Because of tuition bills that routinely reach six figures, however, these budding attorneys are faced with a practical problem:
Do they accept a job making $35,000 a year, or even less, but helping others while learning firsthand how the law impacts working people?
Or do they go straight to a far higher-paying career in the private sector?
According to the American Bar Association, the average debt of a 2012 law school graduate was just over $100,000. Faced with skyrocketing education costs, more and more of our finest legal minds are focusing on paying off debt, despite how strongly they believe in public service.
What would you do?
Dan Felizzatto, a deputy district attorney for the Los Angeles County District Attorney’s office, recently testified in support of Senate Bill 134, my plan to use unclaimed client funds to help attorneys practice public-interest law. Felizzatto, who sits on two non-profit boards dedicated to helping crime victims, said pro bono legal work is indispensable.

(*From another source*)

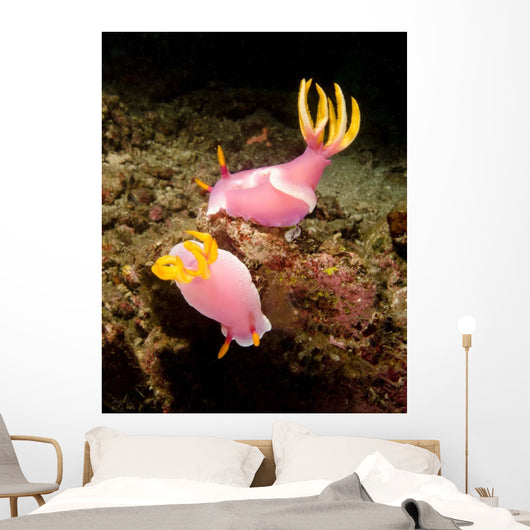 Pair Pink Nudibranchs Lembeh Wall Decal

“The work we do to help victims of crime not go on public assistance, not to become homeless, is very, very important,” Felizzatto said. “But we've noticed over the last several years that the amount of volunteer hours that attorneys are able to contribute is reducing quickly because of the debts that they must repay.”

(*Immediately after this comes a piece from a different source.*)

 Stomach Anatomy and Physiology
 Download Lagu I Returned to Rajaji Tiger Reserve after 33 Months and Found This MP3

Proposals like mine won't solve all the problems, but it is a good step, and that's why passage of SB 134 by this year’s Sept. 11 adjournment of the Legislature for 2015 is supported by Felizzatto’s employer. Other supporters include California Attorneys, Administrative Law Judges and Hearing Officers in State Employment; the California State Conference of the NAACP; the California Student Aid Commission; the Legal Aid Association of California; and the University of California Hastings College of the Law.
Helping young people perform government service has been my goal since 2001, when we established this program to help law students if they agreed to practice in certain public-interest areas. Unfortunately, the program was never funded.

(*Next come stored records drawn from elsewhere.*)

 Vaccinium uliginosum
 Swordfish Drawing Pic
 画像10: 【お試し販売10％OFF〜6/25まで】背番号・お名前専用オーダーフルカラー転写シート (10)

More recently, Oregon passed a similar program using unclaimed funds, collecting more than $500,000 since 2001.
Now, somebody who's being thrown out of their place gets some legal advice on unlawful detainment.
It means that someone being subjected to domestic abuse can figure out how to fill out the papers to get a restraining order.
And it means immigrants who can’t afford legal services might not be deported.
These are real impacts on real people, with true benefits and cost reductions to society.
Here’s how it works: SB 134 would finance the Public Interest Attorney Loan Repayment Program using unclaimed funds in lawyer trust accounts. While individuals have an indefinite right to claim their property, after three years it is transferred to the state General Fund. The Student Aid Commission would administer the California program, such as establishing eligibility and selecting participants eligible for up to $11,000 for four years of service.
Qualifying work areas include:
- A prosecuting attorney’s office.
- A child support agency office.
- A public defender’s office.
- A legal services organization where more than 70 percent of clients are low income according to federal guidelines.
Even if just 50 attorneys with 500 cases each participated, 25,000 of our most vulnerable residents would be helped.
Too often we grant rights without providing the tools to make those rights real. Here is a creative way to ensure those rights.
The cause is just and the price is right.
Bob Hertzberg is the author of Senate Bill 134. He is chair of the California Senate Committee on Governance and Finance, represents the 18th District in the San Fernando Valley, and served in the California Assembly from 1996-2002, including two years as speaker.